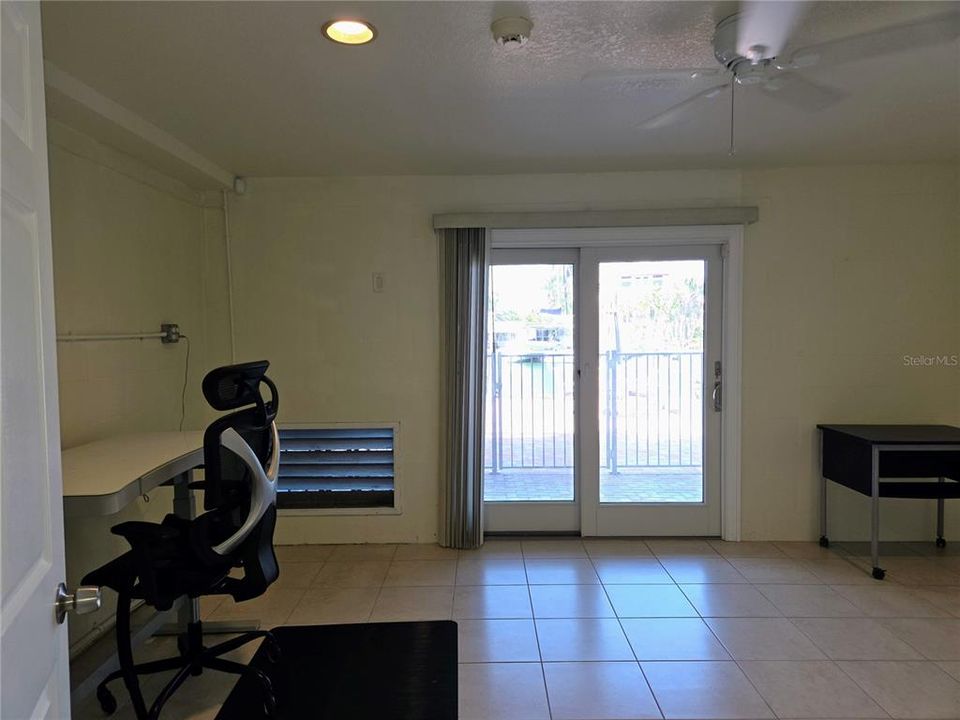 В аренду: $3,300 (2 спален, 2 ванн, 1640 Квадратных фут)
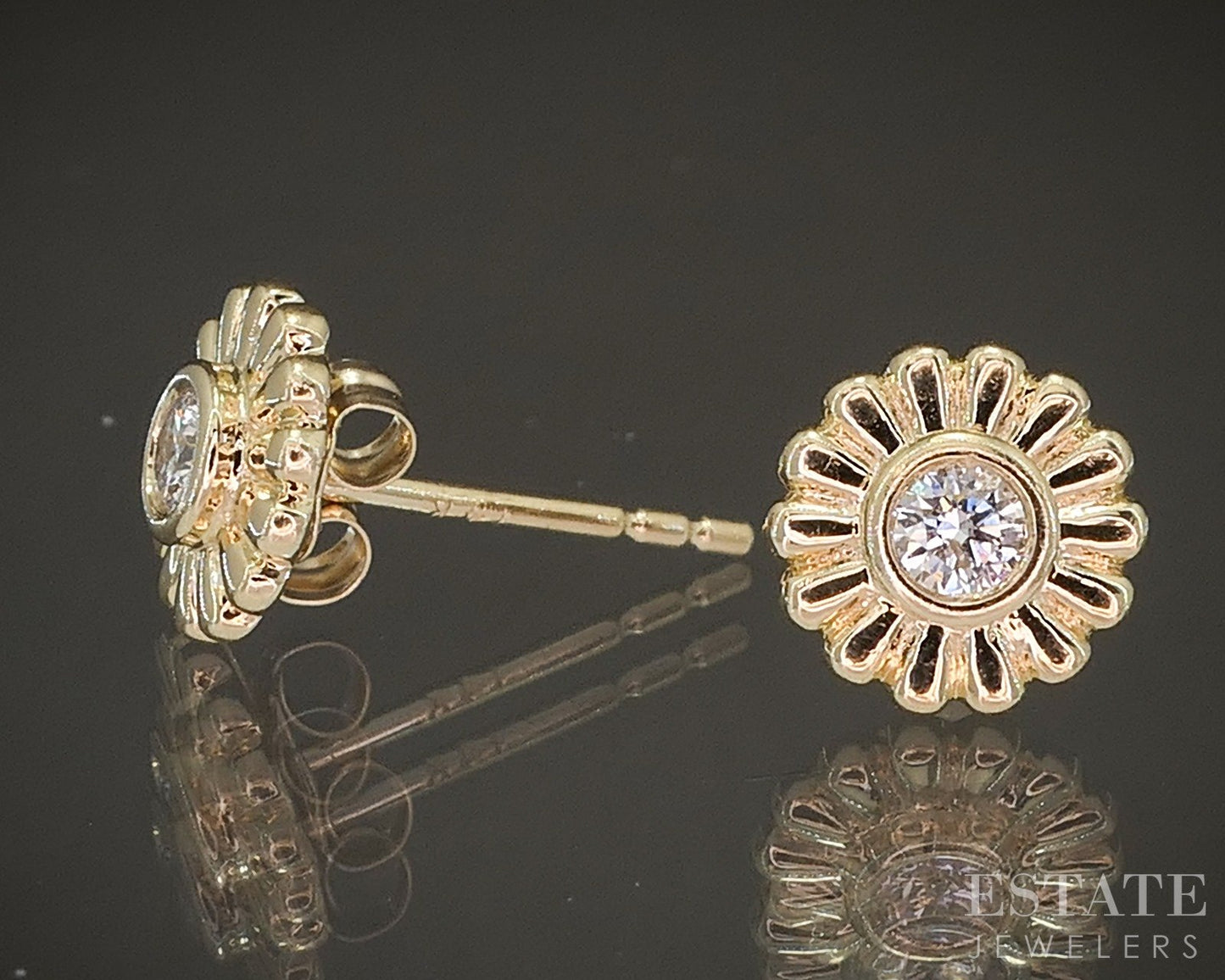 14k Yellow Gold Natural .08ctw Diamond Flower Daisy Stud Earrings 1.2g p17937b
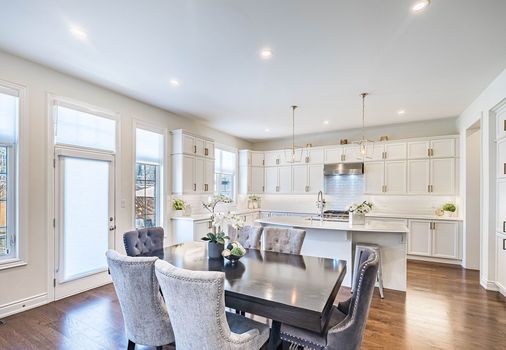 L3RycmViL2xpc3RpbmdzLzQyLzIzLzMyLzQ4L3AvOWFhZThhMDAtNzYxNC00ZjI3LTllMTEtOGM5ODc4NDZlYzkwLmpwZw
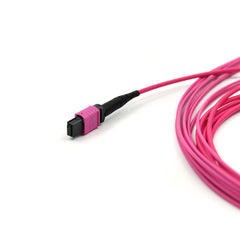 Fibermall製 MPO メス to 4LC/UPC デュプレックス 12芯 OM4 50/125 マルチモード ファンアウトケーブル(タイプB、LSZH、マゼンタ)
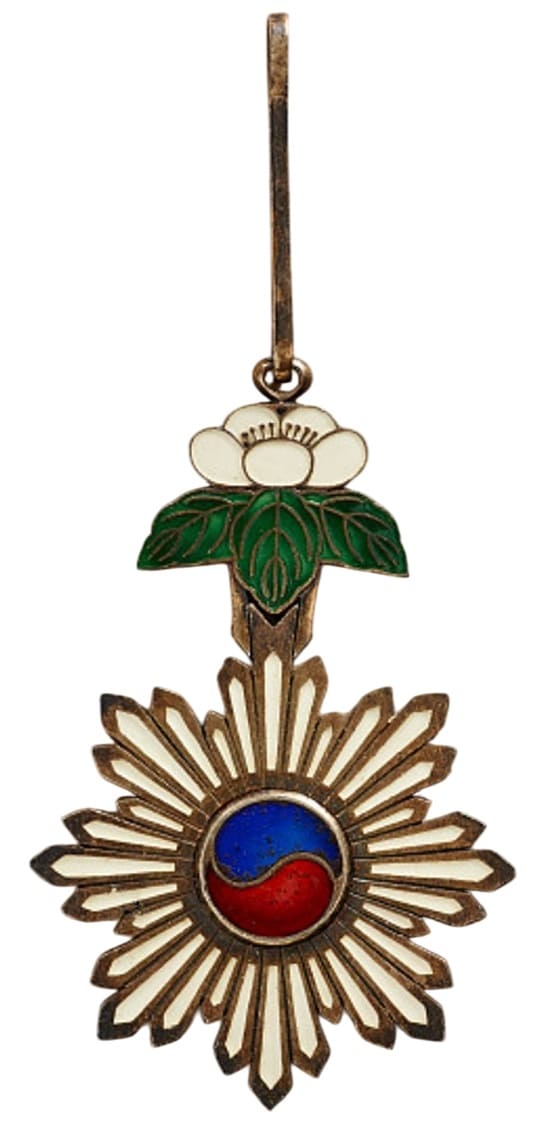 3rd class Order of Taeguk.jpg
____
◆ Work to complete: Exact copy, no pictures: reproduce every record as it stands.

◆ Answer section:
 В аренду: $3,300 (2 спален, 2 ванн, 1640 Квадратных фут)
 14k Yellow Gold Natural .08ctw Diamond Flower Daisy Stud Earrings 1.2g p17937b
 L3RycmViL2xpc3RpbmdzLzQyLzIzLzMyLzQ4L3AvOWFhZThhMDAtNzYxNC00ZjI3LTllMTEtOGM5ODc4NDZlYzkwLmpwZw
 Fibermall製 MPO メス to 4LC/UPC デュプレックス 12芯 OM4 50/125 マルチモード ファンアウトケーブル(タイプB、LSZH、マゼンタ)
 3rd class Order of Taeguk.jpg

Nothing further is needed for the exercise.